SugarCRM API Metadata endpoint. Properties - How to define an updatable field?


When querying the /rest/v11/metadata?type_filter=modules endpoint we can see the list of fields under the /fields object.

Some fields have the property "readonly", as the name implies this defines if this field can be used on Create/Update endpoints.

Some other fields do not have the read-only property, but have a property "type" set to link, relate, another module name, etc.

On the other hand,  most of them have the source=non-db, but some of these fields are updatable.

Some others can not be used in Create/Update, the server does not throw an error, but again the values are ignored.

As far as I've seen this has to do with 1-1 or 1-* related fields/modules or calculated fields.

The question is: How can I precisely define if a field is read-only or not from the metadata? What are all the combinations of properties to make a field read-only?


  • To the best of my knowledge (and I am by no means an expert about metadata) the read only in the metadata definition is only for those fields that are inherently read only like calculated fields. 

    When it comes to what the user can read-write it is not controlled in the API itself but by the ACLs, the user's Role dictates whether they have access to that field and in what capacity.

    There is very little control in the APIs themselves and you need to be very careful to enforce the quality of your data in the construction of the API's payload itself.

    There is, for example, no check inside the API that an enum value is valid, or that dependencies are enforced, those are all enforced by the user interface, not the underlying APIs.

    Does this answer your question?


    PS. you can find more information about the data framework Sugar uses here, though perhaps not in as much detail as you are looking for:

  • Thanks for the feedback. Yes, the user ACL is one point.

    Let's say we have an admin user that has all the required access to all CRUD operations.

    What happens is that this user cannot update the properties of a child object.

    For instance:

    module name: SugarFavorites

    Not allowed update on: Account_Name

    Allowed update on Account_id (this will update the Account_name under the hood since it's a foreign key)

    This looks like a DB constraint depending on the data model/schema. I'd like to know based on what metadata properties combination I can throw an error to my users when trying to update/insert those fields.

  • SugarFavorites does not have an Account_name/Account_id

    aside from that, I don't think you can tell from the metadata what the DB-level constraints may be.


  • Then how can we define if a field is a base field of that module and not a foreign key or a field of a child?

    Why doesn't the server throw errors when trying to insert read-only properties?

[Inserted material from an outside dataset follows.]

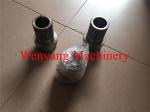 Supply Lonking wheel loader spare parts YJ31502D.01oil pump shaft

  • Properties such as "required", field dependencies, and field validations, are functions of the front end.
    The APIs do not respect any of those.
    It is up to the developer of the application that calls the SugarAPI to make sure that the validation is done before the payload is added to the API call.

    Similarly you need to know the difference between relationships and relate field to correctly create links between different entities. For relate fields you can simply add the id of the parent in the FK field, but for relationships you need a separate API call once both ends of the relationship have been saved and have an ID.

    In other words, you need to know your particular instance of Sugar very well to work with APIs, you need to know what checks and balances to enforce before the API is even called and you need to know how back end information like "link" names to add relationships.

    It is one reason I suggested limiting user access to APIs, you can do quite a bit of damage to your data if you don't know what you are doing when calling an API.